Face à ce risque prolongé, Boeing a déclenché la seconde phase de son plan de gestion de crise. Cette phase comprend notamment :
Recrutement élargi pour remplacer temporairement les grévistes et limiter les retards de production.
Recours à la sous-traitance, avec identification des tâches pouvant être effectuées plus efficacement par des tiers.

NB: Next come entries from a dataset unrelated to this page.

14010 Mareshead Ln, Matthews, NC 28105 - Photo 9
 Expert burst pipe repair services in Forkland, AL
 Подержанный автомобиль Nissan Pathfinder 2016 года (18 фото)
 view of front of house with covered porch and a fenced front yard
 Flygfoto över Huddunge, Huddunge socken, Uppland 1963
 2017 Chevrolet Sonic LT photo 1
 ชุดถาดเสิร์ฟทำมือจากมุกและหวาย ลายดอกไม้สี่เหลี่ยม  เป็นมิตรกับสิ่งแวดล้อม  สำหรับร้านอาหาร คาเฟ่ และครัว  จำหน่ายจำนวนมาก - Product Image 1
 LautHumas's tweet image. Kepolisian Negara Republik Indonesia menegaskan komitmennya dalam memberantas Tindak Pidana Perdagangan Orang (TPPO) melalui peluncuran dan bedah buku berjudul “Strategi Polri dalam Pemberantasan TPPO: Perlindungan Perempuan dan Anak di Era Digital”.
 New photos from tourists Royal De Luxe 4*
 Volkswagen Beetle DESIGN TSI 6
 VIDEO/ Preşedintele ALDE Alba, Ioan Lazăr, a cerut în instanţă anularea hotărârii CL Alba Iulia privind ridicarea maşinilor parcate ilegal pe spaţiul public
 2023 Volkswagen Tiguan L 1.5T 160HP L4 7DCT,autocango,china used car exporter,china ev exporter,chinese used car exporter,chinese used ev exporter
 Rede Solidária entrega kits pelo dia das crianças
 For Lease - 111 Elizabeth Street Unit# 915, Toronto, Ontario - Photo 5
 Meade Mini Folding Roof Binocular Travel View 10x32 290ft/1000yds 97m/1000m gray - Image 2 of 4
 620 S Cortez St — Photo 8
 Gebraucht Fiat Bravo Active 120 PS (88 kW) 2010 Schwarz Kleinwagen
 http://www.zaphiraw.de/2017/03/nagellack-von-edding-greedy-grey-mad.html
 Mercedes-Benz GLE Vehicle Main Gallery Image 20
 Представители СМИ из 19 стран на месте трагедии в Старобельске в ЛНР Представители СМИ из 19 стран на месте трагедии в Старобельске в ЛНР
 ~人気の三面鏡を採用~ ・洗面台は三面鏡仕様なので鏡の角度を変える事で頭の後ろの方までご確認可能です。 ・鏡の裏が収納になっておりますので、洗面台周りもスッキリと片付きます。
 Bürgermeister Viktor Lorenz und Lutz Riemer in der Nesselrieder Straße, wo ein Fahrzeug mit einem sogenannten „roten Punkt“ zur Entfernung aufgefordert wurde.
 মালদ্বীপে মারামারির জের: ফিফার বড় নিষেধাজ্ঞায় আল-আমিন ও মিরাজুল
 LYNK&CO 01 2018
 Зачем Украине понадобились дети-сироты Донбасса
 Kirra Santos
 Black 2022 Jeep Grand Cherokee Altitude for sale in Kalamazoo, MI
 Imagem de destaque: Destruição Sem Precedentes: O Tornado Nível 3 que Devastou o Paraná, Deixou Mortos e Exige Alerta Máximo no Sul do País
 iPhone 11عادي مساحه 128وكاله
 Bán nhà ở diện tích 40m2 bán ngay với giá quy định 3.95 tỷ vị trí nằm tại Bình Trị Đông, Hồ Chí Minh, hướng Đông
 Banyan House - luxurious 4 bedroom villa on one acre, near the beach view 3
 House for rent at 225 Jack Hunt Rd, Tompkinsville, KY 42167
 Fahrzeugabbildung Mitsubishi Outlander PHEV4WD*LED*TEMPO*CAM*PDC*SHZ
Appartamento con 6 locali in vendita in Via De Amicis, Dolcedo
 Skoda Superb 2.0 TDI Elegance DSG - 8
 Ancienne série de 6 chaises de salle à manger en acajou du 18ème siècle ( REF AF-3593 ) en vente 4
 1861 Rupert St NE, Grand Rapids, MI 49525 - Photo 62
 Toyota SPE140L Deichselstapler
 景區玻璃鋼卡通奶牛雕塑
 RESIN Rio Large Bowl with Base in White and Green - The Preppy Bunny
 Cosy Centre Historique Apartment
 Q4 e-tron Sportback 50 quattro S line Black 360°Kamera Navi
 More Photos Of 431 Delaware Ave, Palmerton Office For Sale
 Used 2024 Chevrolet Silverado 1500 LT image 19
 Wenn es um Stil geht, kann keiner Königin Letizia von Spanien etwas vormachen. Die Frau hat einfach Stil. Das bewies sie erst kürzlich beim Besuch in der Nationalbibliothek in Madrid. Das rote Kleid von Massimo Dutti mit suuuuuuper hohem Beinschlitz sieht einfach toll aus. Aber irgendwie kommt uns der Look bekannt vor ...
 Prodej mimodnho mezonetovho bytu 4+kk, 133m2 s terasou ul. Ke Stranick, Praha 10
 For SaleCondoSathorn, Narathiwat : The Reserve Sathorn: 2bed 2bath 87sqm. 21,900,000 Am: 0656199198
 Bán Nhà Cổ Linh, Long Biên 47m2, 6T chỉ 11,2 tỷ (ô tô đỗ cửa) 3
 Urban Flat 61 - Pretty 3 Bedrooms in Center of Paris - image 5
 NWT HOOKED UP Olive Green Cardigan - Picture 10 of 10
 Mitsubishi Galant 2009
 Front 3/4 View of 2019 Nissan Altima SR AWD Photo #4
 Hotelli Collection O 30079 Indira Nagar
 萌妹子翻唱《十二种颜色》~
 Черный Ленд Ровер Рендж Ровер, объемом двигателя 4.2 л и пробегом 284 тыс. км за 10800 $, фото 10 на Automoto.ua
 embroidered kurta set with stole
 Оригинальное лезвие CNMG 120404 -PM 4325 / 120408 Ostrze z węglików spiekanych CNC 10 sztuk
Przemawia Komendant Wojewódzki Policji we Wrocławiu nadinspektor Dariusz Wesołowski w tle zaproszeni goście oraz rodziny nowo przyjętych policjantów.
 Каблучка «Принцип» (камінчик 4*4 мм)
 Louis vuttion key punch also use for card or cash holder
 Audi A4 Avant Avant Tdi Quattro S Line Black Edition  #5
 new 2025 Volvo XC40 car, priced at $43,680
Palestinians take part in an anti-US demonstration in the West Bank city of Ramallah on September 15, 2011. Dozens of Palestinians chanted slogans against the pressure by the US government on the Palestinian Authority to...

La première phase, lancée le 4 septembre, un mois après le début de la grève, avait déjà consisté à recruter des ouvriers permanents pour prendre le relais. Gillian précise que cette opération a été un succès et que les nouvelles recrues commenceront leur formation dès ce vendredi.
Le conflit social a un impact direct sur les salaires : les grévistes ont déjà perdu en moyenne 18 000 dollars chacun en revenus non-perçus.
Les négociations restent bloquées. Boeing et le syndicat des machinistes IAM-District 837 ont conclu trois accords de principe, tous rejetés par les adhérents. Les dirigeants syndicaux ont proposé plusieurs nouvelles moutures validées par les membres, mais l’avionneur les a toutes repoussées. Trois rounds de négociations ont eu lieu depuis le 4 août, dont deux sous médiation fédérale, la dernière remontant au 29 septembre.
D’un point de vue économique, cette grève menace la livraison d’avions militaires stratégiques, avec un risque d’impact sur les contrats gouvernementaux et la réputation de Boeing auprès de l’armée américaine et des partenaires internationaux. Le recours à des sous-traitants et le recrutement rapide entraînent des coûts supplémentaires, qui pourraient se chiffrer en centaines de millions de dollars si la grève se prolonge.
Cette situation illustre à la fois la vulnérabilité des chaînes de production aéronautique et les enjeux financiers d’un conflit social prolongé. Pour Boeing, il ne s’agit pas seulement d’un défi opérationnel mais d’une pression sur les marges, les délais contractuels et la valeur boursière. Selon nos analyses, la clé pour limiter les pertes sera de combiner médiation sociale et recours intensifié à la sous-traitance, tout en sécurisant les programmes prioritaires pour le Département de la Défense.